ESCJ 5: Resolving names in Java
Last modified: August 29, 1997
Names and declared entities
Classes, interfaces, members (that is, fields and methods), and local variables
are declared entities referred to using names. Name resolution is
the process of determining to which declaration a name refers.
Not all names refer to declared entities. For example, the names given
in break statements refer to statements, which are not a declared
entity as defined in this document. Also, names can also refer to packages,
which are also not considered to be declared entities in this document.
(This is a deviation from the Java spec, which talks about packages as
if they were declared entities and talks about the package statements
that can occur at the top of class files as "package declarations." We
discuss this deviation at the end of this document.) [Todo: give a complete
enumeration of such names.]
Methods are a special case of declared entities in that the same method
can have more than one declaration. Name resolution was defined in terms
of finding declarations with this issue in mind. We resolve method
names to textual declarations of methods. For example, consider the following
code:
class C {
int m() { return 1; }
static void test1() { m(); }
};
class D extends D {
int m() { return 2; }
static void test2() { m(); }
};
In test1, m refers to the declaration of m()

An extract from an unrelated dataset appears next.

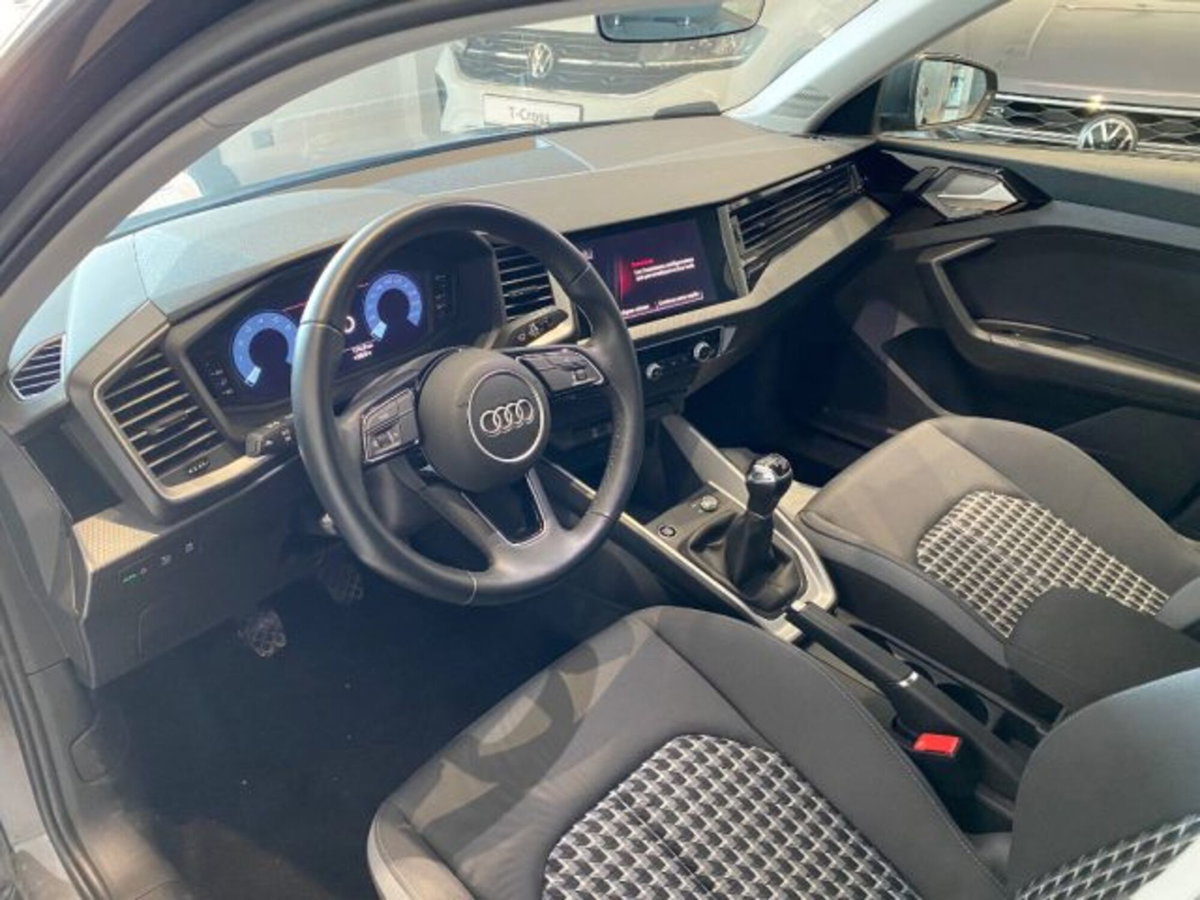 Audi A1 Sportback 25 TFSI Admired Advanced (9)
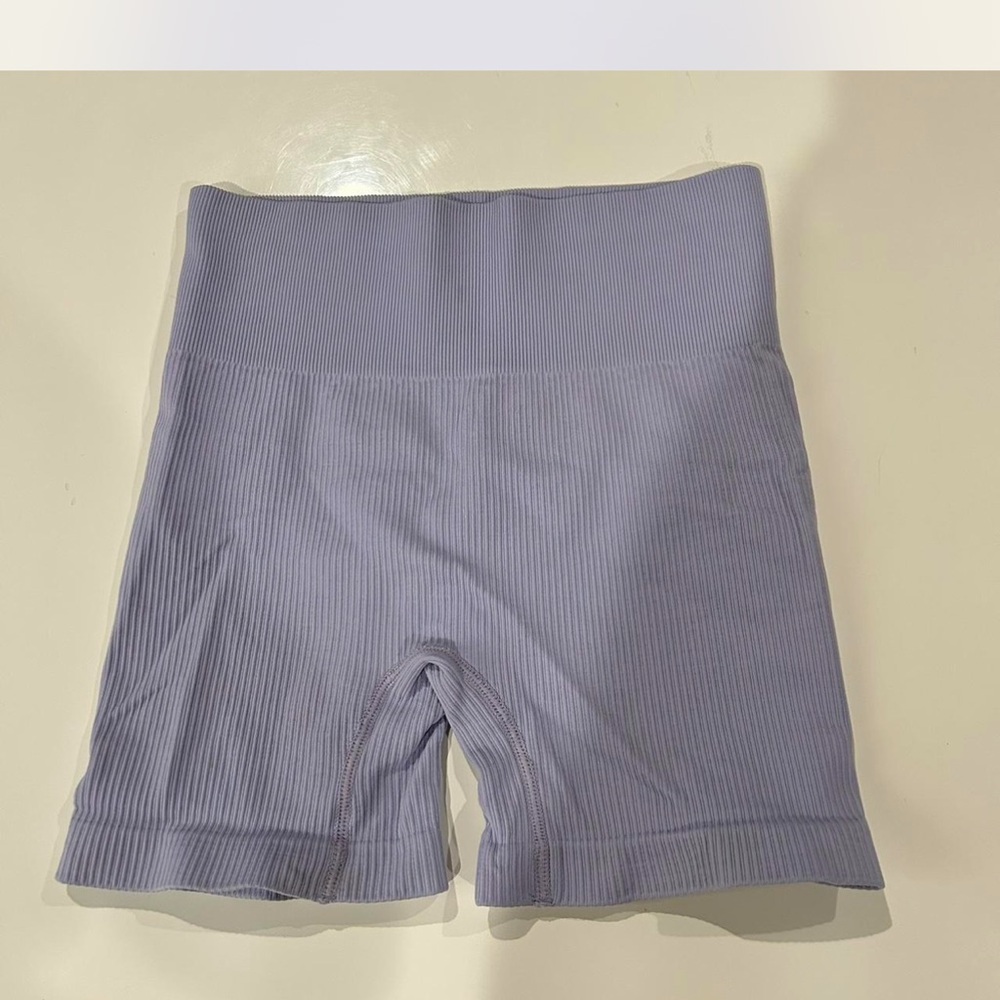 Uniqlo Women's Ribbed Bike Shorts - Light Purple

that appears in class C, while, in test2, m
refers to the declaration of m() that appears in class D.
In the ESC project, we're used to thinking of names as referring to methods
rather than to declarations of methods. In Java, thinking of names as referring
to declarations is important when it comes to understanding method overloading.
Categories of names
Names in Java are classified along two dimensions.
The first dimension pertains to the internal form of names. In this
dimension, names are categorized into simple names and qualified
names. Simple names are atomic identifiers, such as x. Qualified
names are sequences of simple names separated by dots ('.'), such as java.lang.String.
The second dimension pertains to how names are resolved. In this dimension,
there are five categories: PackageName, TypeName, ExpressionName, MethodName,
and AmbiguousName. Pages 90 and 91 of the Java spec explain how the parser
should classify names in this dimension:
-
PackageName is used for names in package statements and in on-demand
import declarations (both of which appear at the top of files).
-
TypeName is used for names in single-type import declarations, in
extends and implements clauses, in the types of method signatures
and local variables, and in new, instanceof, and cast expressions.
-
MethodName is used for method names in method invocations.
-
ExpressionName is used for all names appearing in expressions except for
type names in new, instanceof, and cast expressions and for
method names in method invocations.
-
AmbiguousName is is used for parts of names, specifically, for names
that appear to the left of a '.' in a qualified ExpressionName, MethodName,
or another AmbiguousName. Thus, for example, if x.y.z is classified
as a MethodName, then the x.y part of that name is an AmbiguousName.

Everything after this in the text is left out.